Nun ist das Problem zu einem gewissen Grad hausgemacht. Investor Günter Eberhardt wäre mit seinem Brückenbauwerk gerne einige Meter weiter Richtung Pulverturm angelandet, doch aus den Reihen des Gemeinderats gab es den Wunsch, den Einstieg möglichst weit Richtung Taubenturm zu legen. Auf das Ansinnen mancher Gremiumsmitglieder, der Baum könnte doch versetzt anstatt gefällt werden, zeigte sich Landschaftsarchitekt Jürgen Pfaff vom Büro faktorgruen vorbereitet. Zwischen 70.000 und 130.000 Euro würden für so ein Unterfangen aufgerufen. Das weckte bei Ingeborg Gekle-Maier (Grüne) sogleich Hoffnungen: "Es wäre also möglich und dann doch auch erstrebenswert." Der künftige Fachbereichsleiter Rudolf Mager musste solche Träume aber zerplatzen lassen.

120 Tonnen Gewicht

Angesichts von 3,20 Meter Stammumfang und 120 Tonnen Gewicht, so Mager, sei schon nicht mehr von einer Großbaum-, sondern einer Größtbaumverpflanzung zusprechen. Da sei nicht an ein Verpflanzen, sondern nur an ein Verschieben zu denken. Die Eiche müsste stark zurückgeschnitten und ausgegraben werden, würde dann auf Schienen gesetzt und an eine andere Stelle verschoben werden. Gleichwohl ist es schon gar nicht notwendig, beim Investor die Bereitschaft abzufragen, zusätzlich zu den Kosten für die Umgestaltung des Bockshofs auch die für eine Verschiebung der Eiche zu übernehmen: Der Bockshof biete für diese Eiche weder einen Ausweichstandort, noch an sich die Platzverhältnisse für die notwendigen Gerätschaften und Schienensysteme. Es bleibt also bei der Zusage, an anderer Stelle eine neue Eiche zu setzen – mit 30, vielleicht auch 40 Zentimeter Stammumfang.

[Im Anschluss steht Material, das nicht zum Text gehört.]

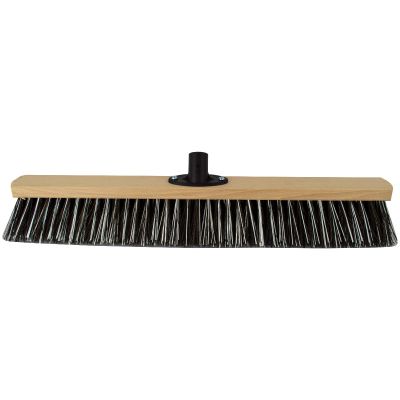 Room broom 60 cm, OSSI Flash, with quick set holder
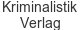 kriminalistik-verlag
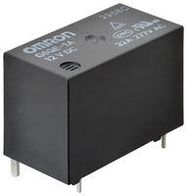 POWER RELAY, SPST-NO, 32A, 277VAC, TH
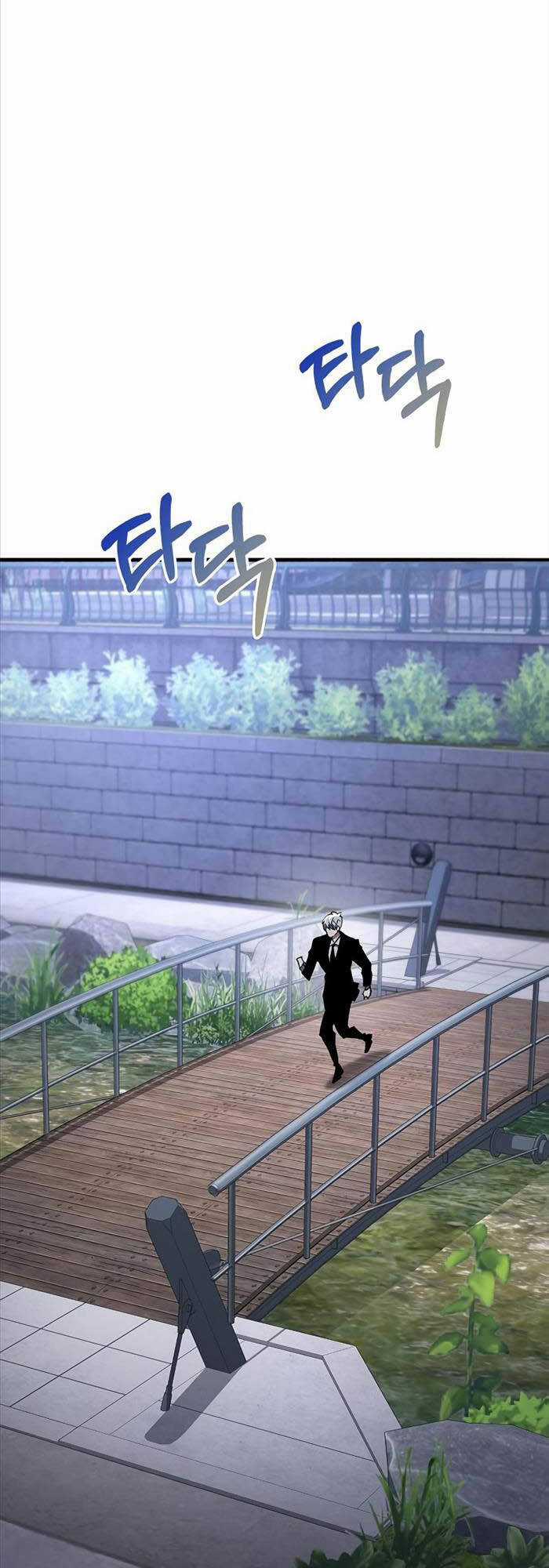 Người Chơi Che Giấu Quá Khứ Chapter 9 trang 56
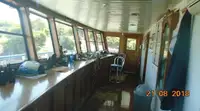 Kapal Ro-Ro keur dijual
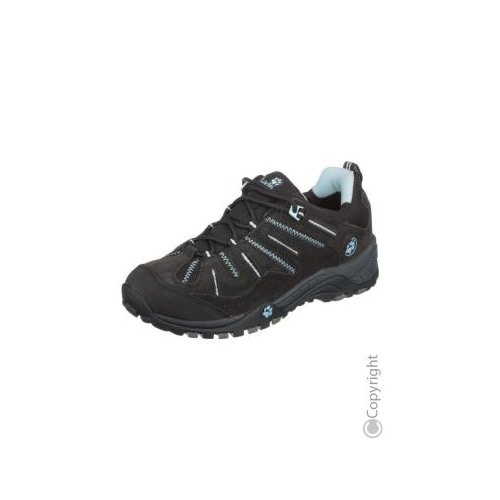 Полуботинки Jack Wolfskin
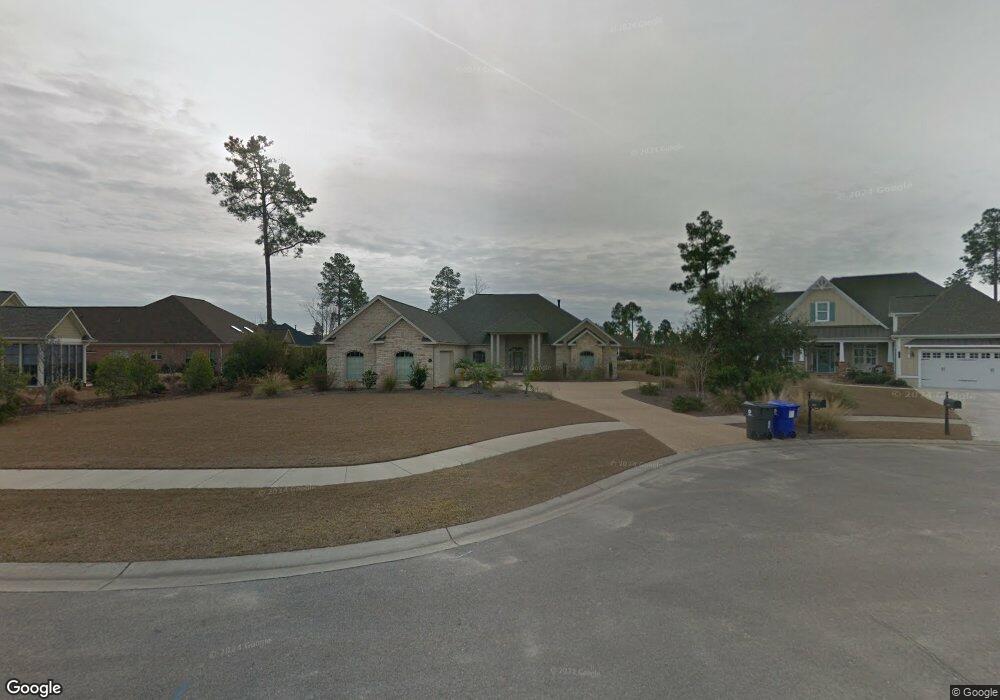 1307 Taswell Ct, Leland, NC 28451 - photo 1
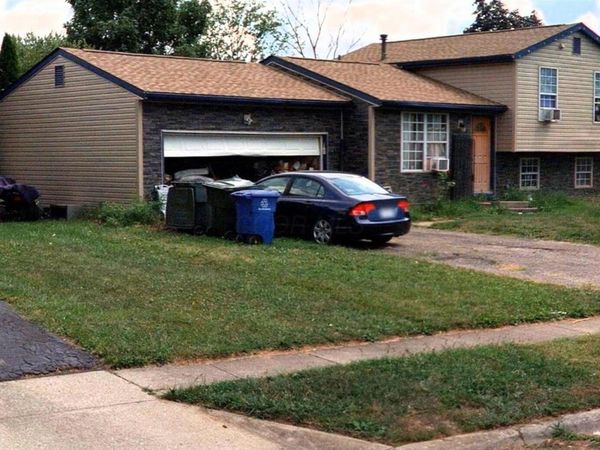 4848 Deephollow Drive, Columbus, OH 43228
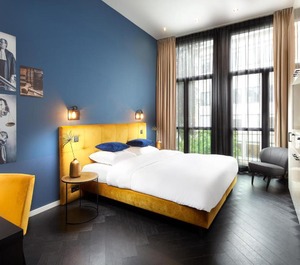 Hotel Utrecht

Zähneknirschen war in der Göllsdorfer Mehrzweckhalle nicht zu hören, als dann die Abstimmung anstand. Bei einer Gegenstimme und zwei Enthaltung fiel sie deutlich aus. Jürgen Mehl (SPD+FFR) hatte sich zuvor einsichtig gezeigt: Nicht nur vom technischen Aufwand, sondern vor allem auch aus finanzieller Sicht wäre es "ein abenteuerliches Unterfangen". Damit sei es nun eben so, "dass die Brücke ihr erstes Opfer fordert. In diesen Apfel müssen wir beißen. Die Eiche wird leider fallen müssen."